Data for: "Intra-familial phenotype variation in hypoplastic amelogenesis imperfecta under a complex genetic component: a family report, whole-exome sequencing, and literature review"

Supplementary material of exome analysis of the individuals investigated in this study. Introduction: Amelogenesis imperfecta (AI) refers to a group of conditions characterized by abnormalities in the development or function of the tooth enamel. Clinical manifestations include different forms and grades of enamel frailty, associated with sensitivity, tooth fractures, stains, abnormal dental form, absent teeth, etc. AI is genetically heterogeneous and over 70 genes have already been associated with autosomal dominant and recessive, X-linked, and oligogenic inheritance. Objective: to search for genetic variants in an AI family. Methodology: Here, we describe the clinical findings of an AI family, composed of five persons, four affected (the father and three daughters) and the unaffected mother.

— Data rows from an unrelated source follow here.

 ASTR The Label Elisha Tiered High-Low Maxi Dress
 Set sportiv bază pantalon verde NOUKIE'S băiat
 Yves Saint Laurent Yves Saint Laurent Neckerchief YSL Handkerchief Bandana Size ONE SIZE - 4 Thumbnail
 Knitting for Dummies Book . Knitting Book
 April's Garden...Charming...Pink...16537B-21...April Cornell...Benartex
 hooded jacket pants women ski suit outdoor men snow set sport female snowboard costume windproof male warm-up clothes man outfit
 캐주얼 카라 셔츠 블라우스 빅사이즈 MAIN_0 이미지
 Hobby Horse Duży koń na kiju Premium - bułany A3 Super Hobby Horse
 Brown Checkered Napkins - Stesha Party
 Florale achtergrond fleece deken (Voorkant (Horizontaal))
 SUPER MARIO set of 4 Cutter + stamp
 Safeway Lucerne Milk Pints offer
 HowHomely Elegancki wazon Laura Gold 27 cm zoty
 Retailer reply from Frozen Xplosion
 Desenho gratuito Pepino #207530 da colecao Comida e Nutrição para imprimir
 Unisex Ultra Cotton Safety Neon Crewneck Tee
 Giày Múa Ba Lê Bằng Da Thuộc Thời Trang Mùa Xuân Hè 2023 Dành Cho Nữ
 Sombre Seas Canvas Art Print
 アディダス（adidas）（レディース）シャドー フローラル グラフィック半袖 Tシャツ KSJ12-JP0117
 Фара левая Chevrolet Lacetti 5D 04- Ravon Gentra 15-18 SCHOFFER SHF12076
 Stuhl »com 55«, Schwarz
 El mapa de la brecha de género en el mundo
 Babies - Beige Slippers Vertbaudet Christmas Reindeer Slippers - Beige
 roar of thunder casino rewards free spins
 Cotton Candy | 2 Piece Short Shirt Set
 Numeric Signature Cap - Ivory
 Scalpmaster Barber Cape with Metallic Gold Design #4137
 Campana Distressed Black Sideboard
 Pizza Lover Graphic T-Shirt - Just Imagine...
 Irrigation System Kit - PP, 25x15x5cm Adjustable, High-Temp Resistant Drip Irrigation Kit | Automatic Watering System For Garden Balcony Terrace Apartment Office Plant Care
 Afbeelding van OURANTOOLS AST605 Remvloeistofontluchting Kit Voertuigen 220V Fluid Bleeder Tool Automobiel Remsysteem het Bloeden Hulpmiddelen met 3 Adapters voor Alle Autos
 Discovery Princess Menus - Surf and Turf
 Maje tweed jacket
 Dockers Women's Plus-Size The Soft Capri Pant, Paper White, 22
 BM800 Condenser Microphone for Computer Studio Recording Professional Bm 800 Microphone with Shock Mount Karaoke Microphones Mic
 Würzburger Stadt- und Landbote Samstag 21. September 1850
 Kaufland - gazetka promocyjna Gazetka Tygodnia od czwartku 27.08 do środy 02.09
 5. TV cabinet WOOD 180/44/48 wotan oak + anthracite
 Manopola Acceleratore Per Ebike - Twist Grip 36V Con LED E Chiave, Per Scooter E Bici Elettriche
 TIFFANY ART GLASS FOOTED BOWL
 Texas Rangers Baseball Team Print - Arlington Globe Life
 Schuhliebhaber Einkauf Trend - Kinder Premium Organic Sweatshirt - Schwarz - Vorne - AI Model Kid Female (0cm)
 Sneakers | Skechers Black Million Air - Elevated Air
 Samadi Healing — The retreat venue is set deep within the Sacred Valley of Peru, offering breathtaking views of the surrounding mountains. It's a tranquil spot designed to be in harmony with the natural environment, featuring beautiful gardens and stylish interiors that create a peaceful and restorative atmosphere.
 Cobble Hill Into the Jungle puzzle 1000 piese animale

AI segregation pattern suggests dominant, X-linked inheritance. Genetic variants were screened using Whole Exome Sequencing. Results: The initial bioinformatic analysis was conducted in Qiagen QCI and the variant selection criteria used were to be present in the four affected family members and absent in the unaffected mother. Search terms used were “amelogenesis imperfecta”, tooth, and enamel. Several software were used to classify variants according to pathogenicity. Candidate variants emerged in six genes. Three of these variants were detected in autosomal genes: NM_031889.3(ENAM):c.1726T>C (p.F576L), NM_022168.4(IFIH1):c.1764dupA, (p.A589fs*21), and NM_032383.5(HPS3):c.1897A>T (p.M633L). Three variants were detected in X-linked genes: NM_006150.5(PRICKLE3):c.8C>G (p.A3G), NM_004484.4(GPC3):c.584A>G (p.N195S), and NM_152787.5(TAB3):c.1936G>A (p.V646M). None of these variants were classified as definitely likely pathogenic/pathogenic in AI. Discussion: Of these genes, only ENAM has been associated with AI previously, but IFIH1, PRICKLE3, and GPC3 are associated with dental/enamel development. The relatively large number of candidate genes/genetic variants detected may reflect an oligogenic component already proposed for AI. Conclusions: this study provides a set of new candidate genes and genetic variants for AI. Despite sharing the variants, AI-affected persons in this family show great phenotypic variation, suggesting the contribution of non-shared genetic or environmental components.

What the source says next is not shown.